The red cardinal, in a slow turn of events, noticed the coldness settle in his young lover. Her complexion no longer glowed under downcast clouds, her black eyes seemed glazed over with ice, and the warmth he once felt, now bit him with a sharpness too great to bear. His love waned, not absent, but weaker than before. Truly, the coming of a harsh winter brought out an even harsher side to the steel brown cardinal.
He spent those mornings instead eating dried tree bark, midday dead leaves, and by nightfall the fallen husks of pinecones. He no longer left her presents, as she did not seem to need or ask for them. His visits, once hours or all of the time, now became checkups, amounting to minutes a day. One day, these minutes ceased to exist.
The male cardinal mourned, until the coming of spring awakened in him a notion of fresh beginnings. He missed the young lover and vowed to renew his love and rest by her side once more. He adorned his feathers with insulating tree sap, in order to brave the coldness of her body in preparation for any winters to come. Flying to the pond, the gales of his heart soared seeing her once more.

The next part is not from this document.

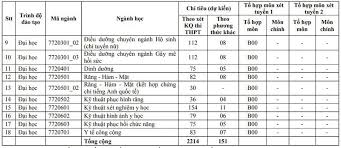 We did not find results for: 3 Ä'iá»ƒm Má»›i Ä'ang Chu Y Trong Xet Tuyá»ƒn Vao Ä'h Y DÆ°á»£c Tp Hcm Giao Dá»¥c Plo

This temporary feeling soon came to a sinking dread. Peering at the female cardinal, his eyes rested on a large crack on her side. Why, she was no living cardinal at all! She was a marble statue, stained deep brown with the harsh environment of the forest. He cried out at this realization, loud shrill chirps that echoed for miles.
He sat perched for a while, recollecting fondly the good and difficult months he had loved this figure. From first sight to now, he still loved her, and wondered at what he would do with his life now. Before flying off into uncertainty, he hopped closer to say his final goodbyes.
To his pleasant surprise, the cardinal looked closer at what looked to be a living, growing thing inside the open crack of her chest. He let out a wail of bittersweet delight. The marble statue, so cold, so warm, so constant in his life, had harbored the growth of a delicate red poppy. Her heart had yearned and loved his own all these years, protecting the flower in the brightness of the sun, to the weathered cold of winter. The red cardinal’s heart grew, knowing she had always loved him, and indefinitely, always would.